The turbines and
generator tunnel at
Namibia’s Ruacana
power station
 
Windhoek, Namibia — ESI-AFRICA.COM — 14 October 2011 – The people of Namibia may have to brace for a chilly season next year, as there is a real possibility that available electricity at that time will not be adequate for the entire country’s needs.

Power utility Nampower’s current projections are of an 80 Megawatt (MW) shortage during next year’s winter season, and the shortfall is expected to reach 300MW in four years’ time.

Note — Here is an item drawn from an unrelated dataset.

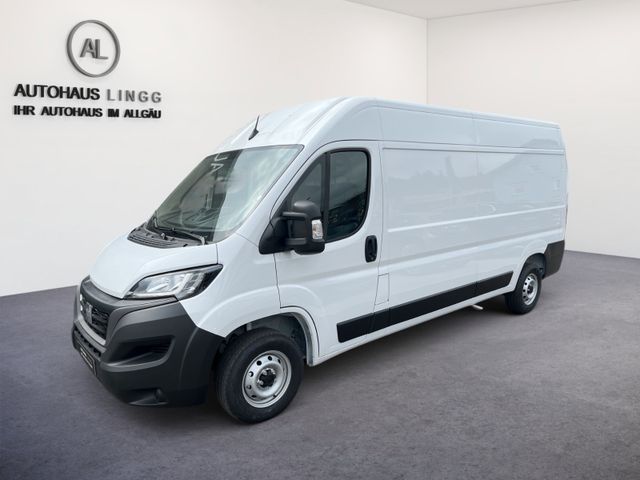 Fiat Ducato L4H2 35 140PS/KLIMA-AUTO/PDC H/VERKLEIDET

The mining sector is the main driver of the electricity demand, according to Nampower.

The State energy utility says it is, however, working on back-up plans to complement the local generation capacity, including the renewal of the current power purchase agreement with Zimbabwe that ends in 2013, and power purchase agreements with independent producers using renewable energies.

Reporting on the power situation “New Era” says that in addition, commissioning of the fourth unit at Ruacana is scheduled for March next year, adding 92MW to the current installed capacity of 240MW. Namibia’s demand for this year was recorded at 511MW compared to the country’s generation capacity of 406MW.

“The regional power supply situation is critical and Namibia, being a net importer of up to 60% of its national power requirements, will always be directly affected until the country has its own base load power station,” said Nampower managing director Paulinus Shilamba.

Nampower has already reached an agreement in principle with the Zimbabwe Electricity Supply Authority (Zesa) to extend their supply agreement for another period of approximately six months.

“We are doing everything in our power to put measures in place that will enable us to address the current and future power supply challenges,” said Shilamba.